You should almost never lead with your failed clerkship in the personal statement. But ignoring it completely can be just as bad.
Let me be blunt: a failed clerkship is a red flag. Program directors notice it. They talk about it in ranking meetings. You don’t get to pretend it didn’t happen. But you do get to decide where and how to explain it so it does the least damage — and occasionally, even helps you.
This is a strategy question, not a morality question. You’re not confessing your sins; you’re managing risk in a high-stakes application.
Here’s how to think about it — and exactly where to address the failed clerkship, when to skip it, and how to phrase it so you look like a grown-up, not a victim.
The Core Answer: Personal Statement vs. Other Places
Here’s the short version most people don’t tell you:
- The personal statement is for your story, motivation, and fit for the specialty.
- The failed clerkship is a problem to be explained once, cleanly, and then moved on from.
So:
- Don’t center your personal statement around your failed clerkship.
- Don’t put it in the opening paragraph.
- Don’t make it the emotional climax of your “overcoming adversity” narrative.
Instead, in most cases:
- Use the ERAS “Additional Information”/“Education/Training interruptions”/misc text box or
- A separate short “red flag” paragraph at the end of your personal statement (if there’s no other logical place),
- And be prepared to address it succinctly in interviews if asked.
Your personal statement should still make a program think: “I want this person on my team.”
The failed clerkship explanation is about: “Is this risk acceptable?”
Two different jobs. Don’t confuse them.
First: How Bad Is The Failed Clerkship, Really?

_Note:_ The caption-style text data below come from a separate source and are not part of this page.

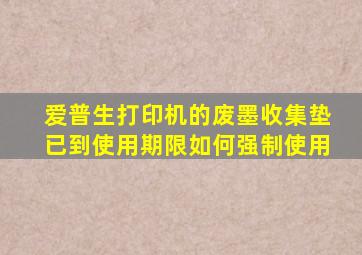 爱普生打印机的废墨收集垫已到使用期限如何强制使用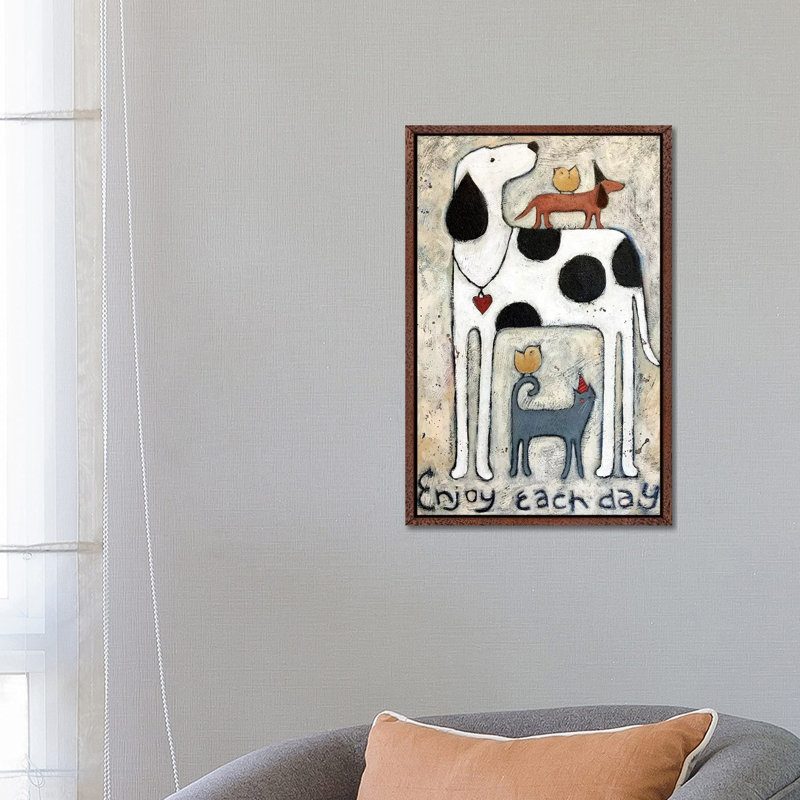 Each Day by Teresa Kogut - Painting on Canvas, 66.04 cm H x 45.72 cm W, Classic Brown Wood Framed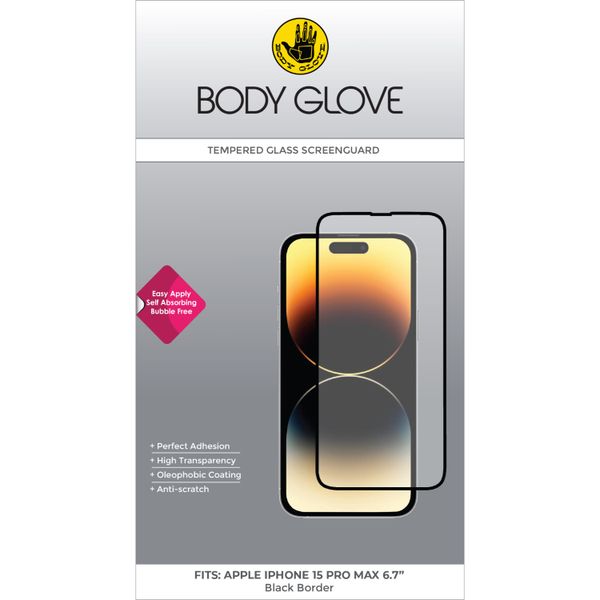 Body Glove iPhone 15 PRO MAX Tempered Glass Screen Protector - Black Border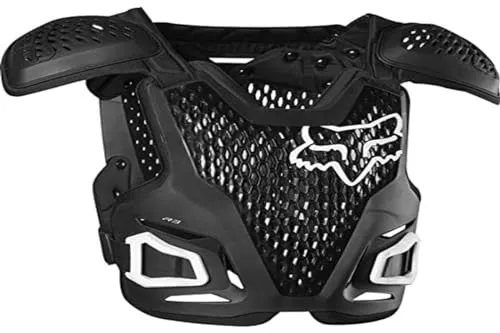 Fox Racing Youth R3 Brustschutz - Motocross Guards, Schwarz, OS - Brustpanzer für junge Fahrer, leicht und effektiv gegen Roost und Stöße, mit verstellbaren Riemen für optimalen Sitz und voller Beweglichkeit. Kompatibel mit Neckbrace-Systemen für zusätzliche Sicherheit.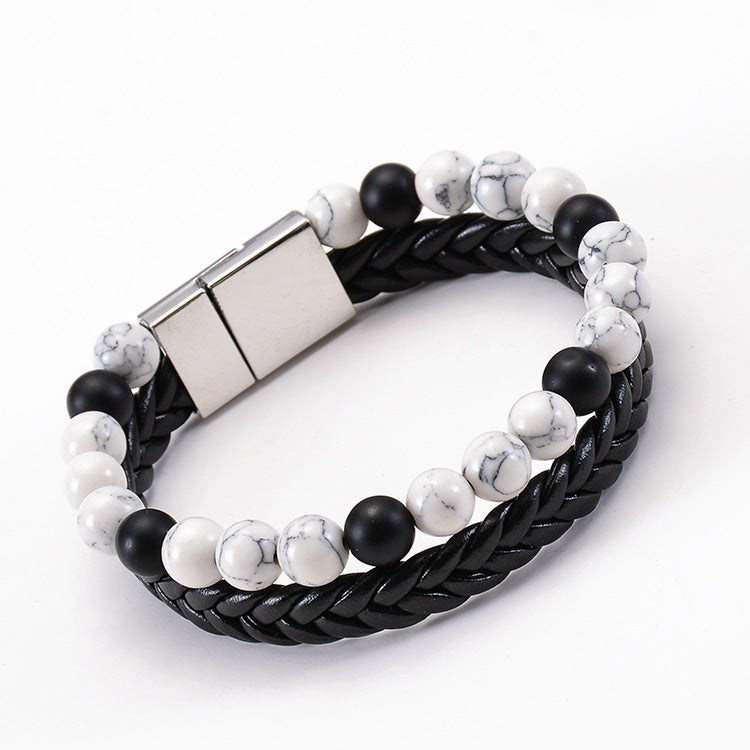 Oil Leather Beads Magnetic Buckle Double Bracelet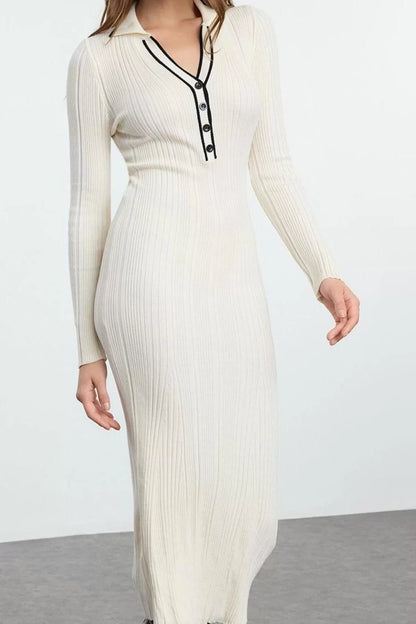 Women Fashion Stylish Midi Length Polo Neck Slim Stone Color Block Knitwear Premium Yarn Special Yarn Dress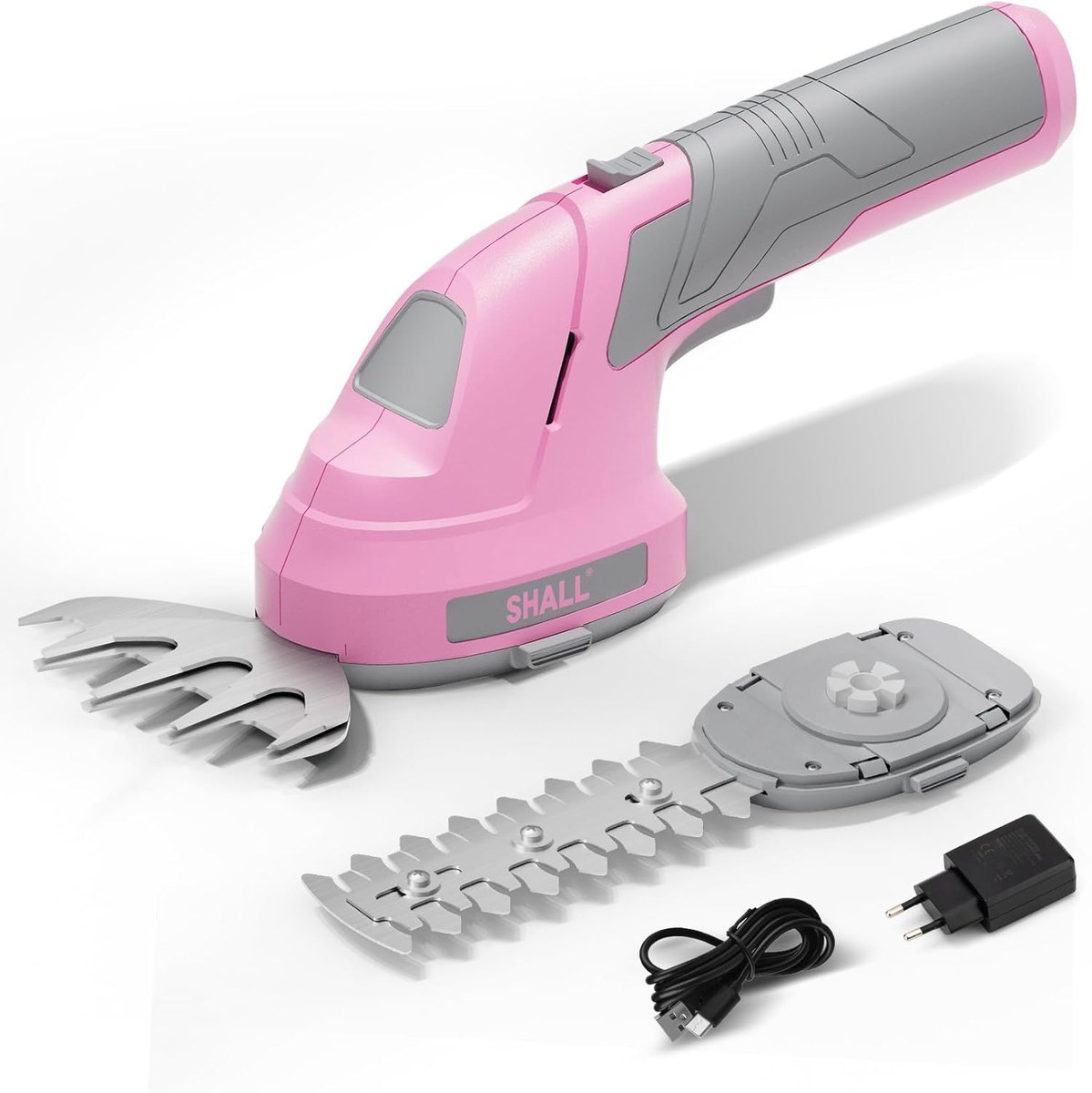 Thijox - 2-in-1 Draadloze Elektrische Heggenschaar en Grasschaar, 7,2V Accu met 2 Messen, Handgrastrimmer voor Struiken en Gazon in Roze - Ideaal voor
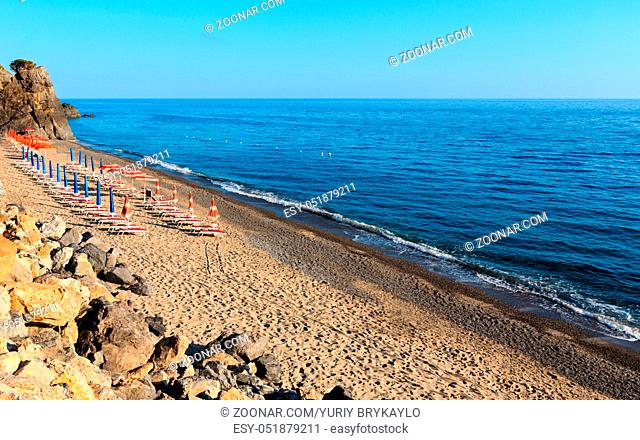 Beautiful Tyrrhenian sea coastline and beach landscape. Cilento and Vallo di Diano National Park, Salerno, Italy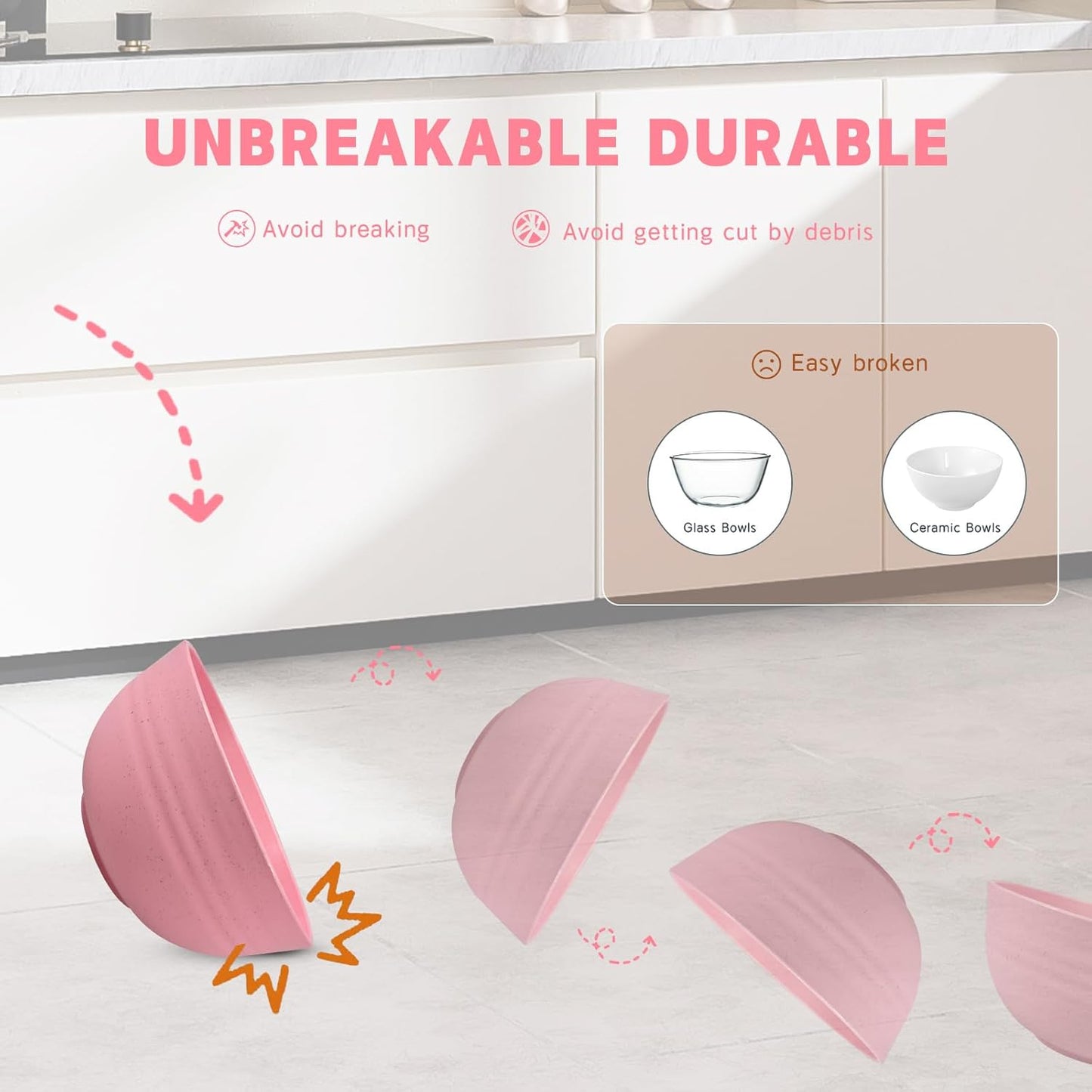 Kitchen Wheat Straw Dinnerware Sets (33pcs) Attached cleaning brush,Service For 8,Plastic Plates and Bowls Sets,Unbreakable Dinnerware,Lightweight Plastic Plate Set (pink)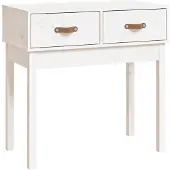 vidaXL Wandtafel 76,5x40x75 cm massief grenenhout wit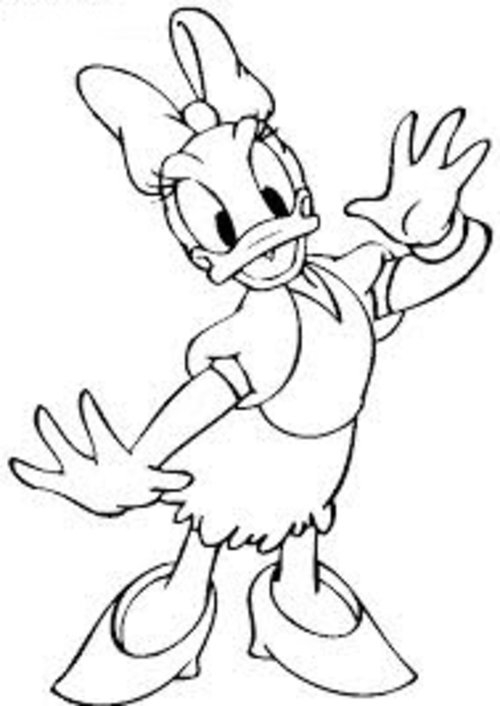 Coloriage de canard nageant paisiblement sur l'eau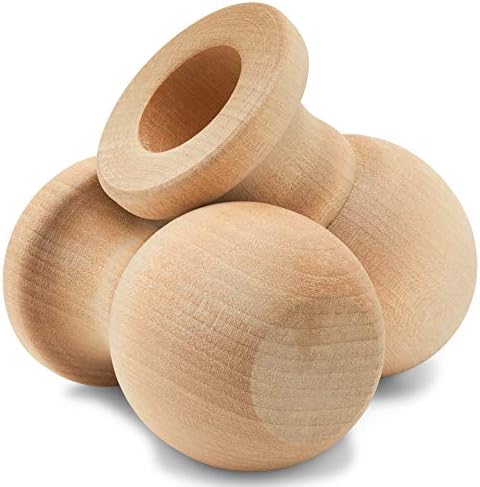 Wooden Flag Pole Finials, 3-inch Wood Flag Pole Topper with 1-inch Hole, Pack of 12 Craft Finials, by Woodpeckers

You can’t decide whether to address it in the personal statement until you know how it looks from a PD’s chair.
Ask yourself these questions:
How many failures?
- One isolated failed clerkship that you remediated and then passed? Manageable.
- Multiple clerkship failures or repeated attempts? Bigger problem that probably does need explicit addressing.
What specialty did you fail, and what are you applying into?
- You failed Surgery and are applying FM? Less directly relevant, but still a professionalism/clinical performance signal.
- You failed Internal Medicine and you’re applying Internal Medicine? That will get attention in every review meeting.
What happened afterward?
- Did your later rotations show clear improvement and strong comments?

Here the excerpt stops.